A mighty glorious dazzling sea
Stretching into infinity
Wuthering Heights, set in the English moors that Brontë knew so well, contains both the eerily solemn mood and the immersive natural descriptions that the author explored in her poetry. The environment around the Heights estate is critically renowned for serving as more than a background for the tale, but being alive as if a character in itself. This dark, fantastical tone that defines the original Wuthering Heights is one element that Fennell’s new adaptation nails perfectly. Through elaborate set design, the director incorporates the mood of the moors into her adaptation, allowing the ecosystem to shift alongside the characters’ struggles. Moreover, Fennell’s version inspects the same radical, society-defying themes that Brontë introduced two centuries ago.
However, despite unmistakable similarities, Fennell herself admitted to Fandango, “You can’t adapt a book as dense and complicated and difficult as this book. I can’t say I’m making Wuthering Heights. It’s not possible.” Some of Fennell’s most obvious changes are the complete omission of the second generation — Catherine’s daughter Cathy, and nephews, Hareton and Linton — as well as Catherine’s older brother, Hindley; the decision to make Catherine blond and to cast Heathcliff as white (played by Jacob Elordi) rather than dark-skinned; and the inclusion of many explicit love scenes between the two protagonists. It seems as though the director’s justification for these alterations was mostly a lack of adequate time to explore the story in its entirety and a desire to imagine her own additions.

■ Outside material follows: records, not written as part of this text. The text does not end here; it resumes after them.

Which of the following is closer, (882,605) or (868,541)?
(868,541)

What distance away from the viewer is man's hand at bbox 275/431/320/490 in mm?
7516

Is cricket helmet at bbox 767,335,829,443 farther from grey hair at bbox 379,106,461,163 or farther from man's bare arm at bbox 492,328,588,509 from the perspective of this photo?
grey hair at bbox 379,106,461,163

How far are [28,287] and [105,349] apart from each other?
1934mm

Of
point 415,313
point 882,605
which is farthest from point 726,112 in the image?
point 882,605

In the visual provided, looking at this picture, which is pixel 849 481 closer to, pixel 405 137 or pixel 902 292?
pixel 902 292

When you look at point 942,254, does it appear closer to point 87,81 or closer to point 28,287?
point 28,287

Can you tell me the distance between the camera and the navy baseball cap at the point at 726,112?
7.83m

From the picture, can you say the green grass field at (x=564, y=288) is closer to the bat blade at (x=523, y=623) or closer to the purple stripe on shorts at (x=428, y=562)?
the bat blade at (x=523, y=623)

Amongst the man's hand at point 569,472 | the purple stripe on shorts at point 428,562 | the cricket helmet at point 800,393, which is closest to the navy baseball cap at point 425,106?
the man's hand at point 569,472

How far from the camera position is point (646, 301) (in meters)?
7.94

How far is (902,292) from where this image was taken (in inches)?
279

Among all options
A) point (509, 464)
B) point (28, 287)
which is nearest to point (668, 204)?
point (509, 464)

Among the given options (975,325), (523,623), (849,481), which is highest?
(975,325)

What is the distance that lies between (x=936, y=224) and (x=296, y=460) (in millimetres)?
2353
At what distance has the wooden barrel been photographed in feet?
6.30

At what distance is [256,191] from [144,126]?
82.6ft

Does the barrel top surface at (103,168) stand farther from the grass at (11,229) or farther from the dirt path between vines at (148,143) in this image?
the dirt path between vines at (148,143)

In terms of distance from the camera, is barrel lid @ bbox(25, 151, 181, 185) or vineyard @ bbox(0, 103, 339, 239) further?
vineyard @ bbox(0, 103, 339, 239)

(Photo Credit: LucaFazPhoto, CC BY-SA 4.0 <https://creativecommons.org/licenses/by-sa/4.0>, via Wikimedia Commons)
Although many fans are upset about the changes, when I viewed the film, I interpreted them differently. Many scenes in the movie that star Catherine and Heathcliff alone are scenes that, in Brontë’s novel, occurred between Cathy (the second) and Hareton — the lovers’ parallels in the next generation. One of these scenes — Catherine teaching Heathcliff how to read and the latter becoming annoyed and frustrated — struck me, as it had precise literary accuracy to an entirely different passage of the book. Moreover, Catherine’s striking blond hair and gorgeous appearance match Brontë’s descriptions of the second Catherine, while Heathcliff’s pale skin and presumably European descent match Hareton’s ethnicity and not Heathcliff’s. I interpreted the film as a combination of the two sections in Brontë’s novel; a rendering of one of Fennell’s favorite classics working within modern restraints. Instead of depicting the abuse cycle in two parts, Fennell incorporated the characters into each other, creating a constrained yet entertaining abridged rendition.

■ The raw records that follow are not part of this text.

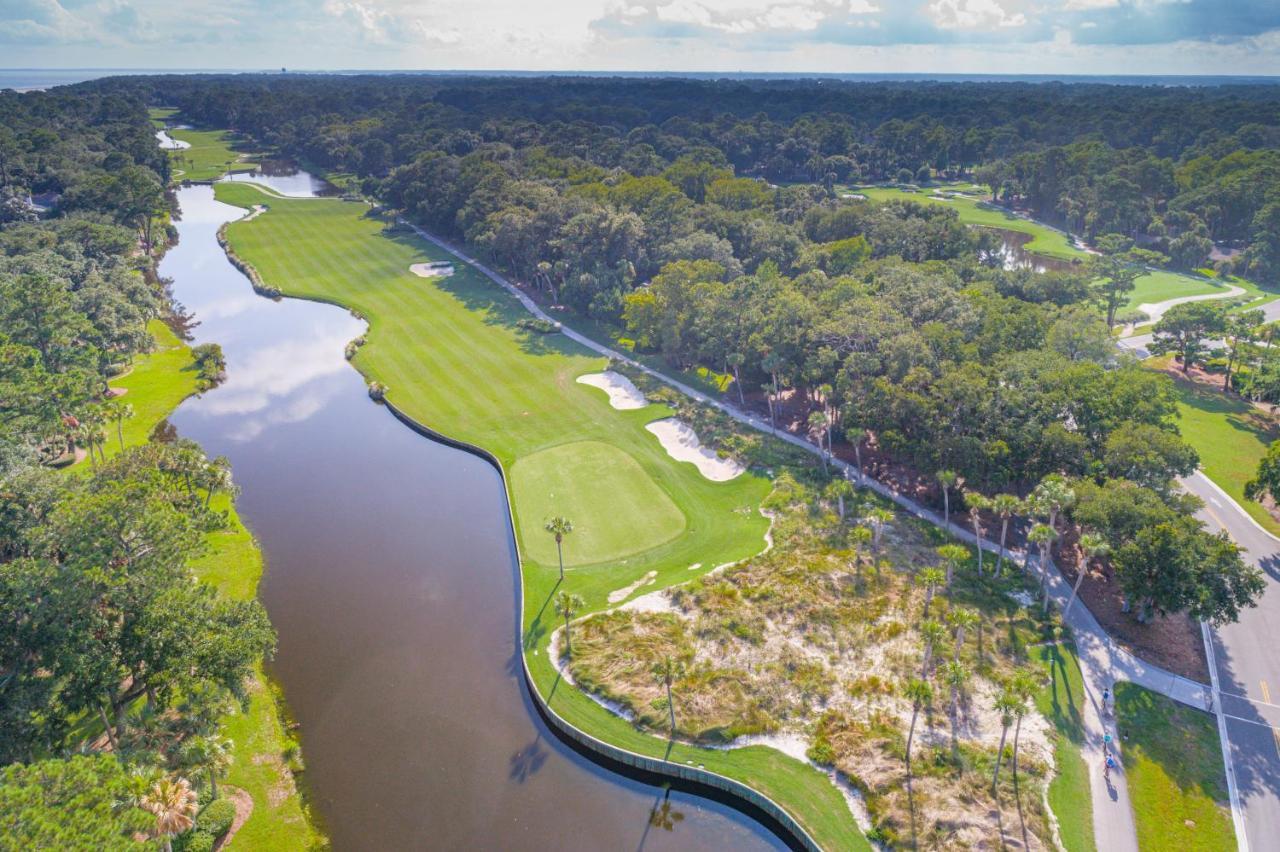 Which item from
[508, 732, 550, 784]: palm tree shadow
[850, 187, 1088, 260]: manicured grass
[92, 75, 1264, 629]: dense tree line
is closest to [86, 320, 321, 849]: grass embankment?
[508, 732, 550, 784]: palm tree shadow

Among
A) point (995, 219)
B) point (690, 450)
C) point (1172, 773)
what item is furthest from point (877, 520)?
point (995, 219)

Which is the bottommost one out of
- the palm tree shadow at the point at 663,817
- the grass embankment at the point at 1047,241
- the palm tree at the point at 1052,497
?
the palm tree shadow at the point at 663,817

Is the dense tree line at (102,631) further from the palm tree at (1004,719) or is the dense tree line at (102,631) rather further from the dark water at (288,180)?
the dark water at (288,180)

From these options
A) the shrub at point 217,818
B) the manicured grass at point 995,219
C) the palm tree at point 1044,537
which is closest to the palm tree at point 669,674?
the shrub at point 217,818

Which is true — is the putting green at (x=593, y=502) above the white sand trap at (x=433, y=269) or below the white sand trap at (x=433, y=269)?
below

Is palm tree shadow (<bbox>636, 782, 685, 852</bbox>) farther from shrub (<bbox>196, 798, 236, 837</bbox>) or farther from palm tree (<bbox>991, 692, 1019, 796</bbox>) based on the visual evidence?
shrub (<bbox>196, 798, 236, 837</bbox>) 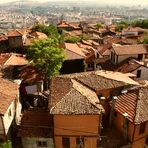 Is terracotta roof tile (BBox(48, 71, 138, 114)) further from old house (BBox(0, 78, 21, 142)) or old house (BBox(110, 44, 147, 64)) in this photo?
old house (BBox(110, 44, 147, 64))

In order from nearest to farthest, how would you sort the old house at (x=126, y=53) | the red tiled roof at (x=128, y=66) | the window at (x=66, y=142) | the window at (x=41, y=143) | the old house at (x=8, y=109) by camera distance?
1. the old house at (x=8, y=109)
2. the window at (x=66, y=142)
3. the window at (x=41, y=143)
4. the red tiled roof at (x=128, y=66)
5. the old house at (x=126, y=53)

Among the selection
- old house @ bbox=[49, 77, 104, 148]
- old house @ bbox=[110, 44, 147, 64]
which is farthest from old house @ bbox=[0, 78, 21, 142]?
old house @ bbox=[110, 44, 147, 64]

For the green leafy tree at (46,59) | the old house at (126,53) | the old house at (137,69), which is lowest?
the old house at (137,69)

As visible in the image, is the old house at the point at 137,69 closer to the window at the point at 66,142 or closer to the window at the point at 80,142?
the window at the point at 80,142

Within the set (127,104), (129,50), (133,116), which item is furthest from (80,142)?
(129,50)

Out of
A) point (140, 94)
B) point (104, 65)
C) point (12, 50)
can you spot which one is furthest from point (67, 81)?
point (12, 50)

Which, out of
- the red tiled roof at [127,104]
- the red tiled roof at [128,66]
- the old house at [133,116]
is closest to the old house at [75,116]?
the red tiled roof at [127,104]

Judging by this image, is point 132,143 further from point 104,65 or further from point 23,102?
point 104,65
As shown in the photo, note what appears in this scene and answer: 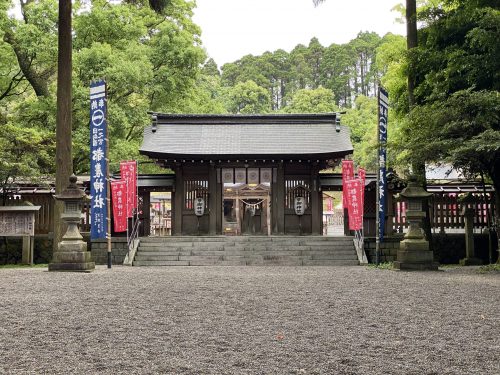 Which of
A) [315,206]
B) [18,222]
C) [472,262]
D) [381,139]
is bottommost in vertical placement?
[472,262]

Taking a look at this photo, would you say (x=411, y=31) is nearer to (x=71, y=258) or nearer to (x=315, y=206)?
(x=315, y=206)

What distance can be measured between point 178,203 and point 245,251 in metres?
4.53

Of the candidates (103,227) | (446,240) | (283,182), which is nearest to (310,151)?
(283,182)

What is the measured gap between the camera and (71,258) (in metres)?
12.4

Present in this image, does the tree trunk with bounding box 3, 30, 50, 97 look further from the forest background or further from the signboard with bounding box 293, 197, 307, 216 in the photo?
the signboard with bounding box 293, 197, 307, 216

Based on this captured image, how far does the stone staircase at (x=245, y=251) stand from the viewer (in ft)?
54.7

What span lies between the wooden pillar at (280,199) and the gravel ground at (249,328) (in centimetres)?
1127

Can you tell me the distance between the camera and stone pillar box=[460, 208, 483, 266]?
17.0 meters

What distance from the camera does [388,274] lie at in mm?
11883

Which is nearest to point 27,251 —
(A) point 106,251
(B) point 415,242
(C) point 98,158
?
(A) point 106,251

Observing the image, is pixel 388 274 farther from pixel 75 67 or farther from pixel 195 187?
pixel 75 67

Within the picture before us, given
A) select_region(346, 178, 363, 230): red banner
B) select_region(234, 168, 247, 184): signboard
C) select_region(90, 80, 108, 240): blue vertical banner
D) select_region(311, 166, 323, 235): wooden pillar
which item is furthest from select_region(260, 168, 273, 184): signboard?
select_region(90, 80, 108, 240): blue vertical banner

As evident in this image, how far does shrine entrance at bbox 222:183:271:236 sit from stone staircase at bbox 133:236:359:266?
7.08 meters

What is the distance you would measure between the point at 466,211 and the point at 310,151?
5.94 m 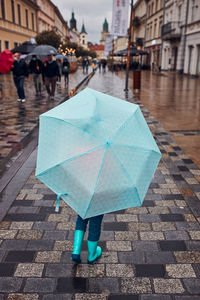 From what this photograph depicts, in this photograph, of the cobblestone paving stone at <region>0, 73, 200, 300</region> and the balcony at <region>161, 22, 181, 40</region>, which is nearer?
the cobblestone paving stone at <region>0, 73, 200, 300</region>

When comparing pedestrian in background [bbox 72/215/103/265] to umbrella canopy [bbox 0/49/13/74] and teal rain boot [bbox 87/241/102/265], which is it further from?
umbrella canopy [bbox 0/49/13/74]

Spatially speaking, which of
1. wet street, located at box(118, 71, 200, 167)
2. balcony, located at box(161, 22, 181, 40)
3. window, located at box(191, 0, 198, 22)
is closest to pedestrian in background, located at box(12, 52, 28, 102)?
wet street, located at box(118, 71, 200, 167)

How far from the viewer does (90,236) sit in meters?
2.37

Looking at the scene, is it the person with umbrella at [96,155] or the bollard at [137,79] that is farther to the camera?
the bollard at [137,79]

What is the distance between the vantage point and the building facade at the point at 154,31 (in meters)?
40.6

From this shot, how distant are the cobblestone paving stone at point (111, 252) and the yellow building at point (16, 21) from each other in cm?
3157

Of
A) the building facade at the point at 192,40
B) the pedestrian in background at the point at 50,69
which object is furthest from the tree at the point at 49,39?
the pedestrian in background at the point at 50,69

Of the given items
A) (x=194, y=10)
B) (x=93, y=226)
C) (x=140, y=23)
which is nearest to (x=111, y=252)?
(x=93, y=226)

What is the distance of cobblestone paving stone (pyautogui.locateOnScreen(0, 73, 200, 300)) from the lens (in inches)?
87.7

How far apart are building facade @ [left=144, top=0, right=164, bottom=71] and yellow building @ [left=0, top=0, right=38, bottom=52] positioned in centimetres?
1778

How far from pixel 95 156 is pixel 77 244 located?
1.06 metres

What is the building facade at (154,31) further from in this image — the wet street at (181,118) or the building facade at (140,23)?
the wet street at (181,118)

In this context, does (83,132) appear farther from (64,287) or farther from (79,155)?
(64,287)

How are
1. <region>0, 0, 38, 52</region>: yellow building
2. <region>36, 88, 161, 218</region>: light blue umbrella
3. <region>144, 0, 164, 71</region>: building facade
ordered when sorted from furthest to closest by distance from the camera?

Some of these changes simply make the film more palatable to a modern audience: for example, instead of killing Isabella Linton’s dog in a passionate rage, Heathcliff ensnares Isabella in a toxic, lustful relationship where she deigns herself to crawl on all fours like a dog with a collar and chain in his hand. Though disturbing, this scene changes the way viewers perceive Heathcliff’s character from a brutal, convoluted villain to a tortured lover.

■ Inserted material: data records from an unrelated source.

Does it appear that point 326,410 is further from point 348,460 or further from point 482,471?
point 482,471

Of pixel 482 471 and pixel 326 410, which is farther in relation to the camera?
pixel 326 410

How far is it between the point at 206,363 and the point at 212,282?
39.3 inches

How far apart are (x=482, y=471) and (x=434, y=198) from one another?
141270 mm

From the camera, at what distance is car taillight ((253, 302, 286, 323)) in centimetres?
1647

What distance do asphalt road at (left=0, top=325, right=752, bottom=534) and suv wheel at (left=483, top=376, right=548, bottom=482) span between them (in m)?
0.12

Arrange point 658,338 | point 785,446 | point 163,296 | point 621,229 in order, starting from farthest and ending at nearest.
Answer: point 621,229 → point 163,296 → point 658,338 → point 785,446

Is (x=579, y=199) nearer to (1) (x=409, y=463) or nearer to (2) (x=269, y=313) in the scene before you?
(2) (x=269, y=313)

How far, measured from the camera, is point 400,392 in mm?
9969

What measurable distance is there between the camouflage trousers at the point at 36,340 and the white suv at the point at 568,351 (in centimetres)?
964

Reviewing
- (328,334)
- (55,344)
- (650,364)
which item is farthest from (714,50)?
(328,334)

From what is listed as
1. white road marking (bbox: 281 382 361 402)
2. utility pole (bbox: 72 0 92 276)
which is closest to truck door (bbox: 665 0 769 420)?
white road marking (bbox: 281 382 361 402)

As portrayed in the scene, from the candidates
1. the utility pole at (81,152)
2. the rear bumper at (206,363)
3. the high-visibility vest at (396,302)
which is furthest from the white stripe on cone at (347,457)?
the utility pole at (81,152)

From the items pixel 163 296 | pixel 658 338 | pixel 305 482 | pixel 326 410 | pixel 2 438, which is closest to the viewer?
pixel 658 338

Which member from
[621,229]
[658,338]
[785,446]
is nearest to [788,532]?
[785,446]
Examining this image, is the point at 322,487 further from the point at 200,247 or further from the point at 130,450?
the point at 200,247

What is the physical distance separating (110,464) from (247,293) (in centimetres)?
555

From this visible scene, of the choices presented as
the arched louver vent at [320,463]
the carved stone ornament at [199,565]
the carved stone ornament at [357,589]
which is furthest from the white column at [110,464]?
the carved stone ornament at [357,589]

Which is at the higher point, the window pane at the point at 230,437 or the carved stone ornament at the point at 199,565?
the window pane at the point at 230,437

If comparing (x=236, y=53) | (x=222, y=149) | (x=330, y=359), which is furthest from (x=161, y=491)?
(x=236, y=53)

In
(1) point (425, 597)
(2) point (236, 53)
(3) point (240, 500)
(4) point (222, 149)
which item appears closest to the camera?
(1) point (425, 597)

The vibe that Fennell created, working alongside talented actors, set designers, and pop artists, was born of her imagination and modeled on the imagination of an equally radical Victorian-era visionary. The gruesome, surrealist imagery invoked by the film marks a societal shift: modern audiences want to watch things that make us feel uncomfortable. This is why, despite the controversy around Fennell’s choices, I believe that her adaptation will go down in history as an important literary cinematization and societal critique.
Instead, the violent brutality and obsessive tendencies in the characters Brontë brought to life gave her story an almost masculine bluntness, and reified the fear of women writers depreciating their own femininity.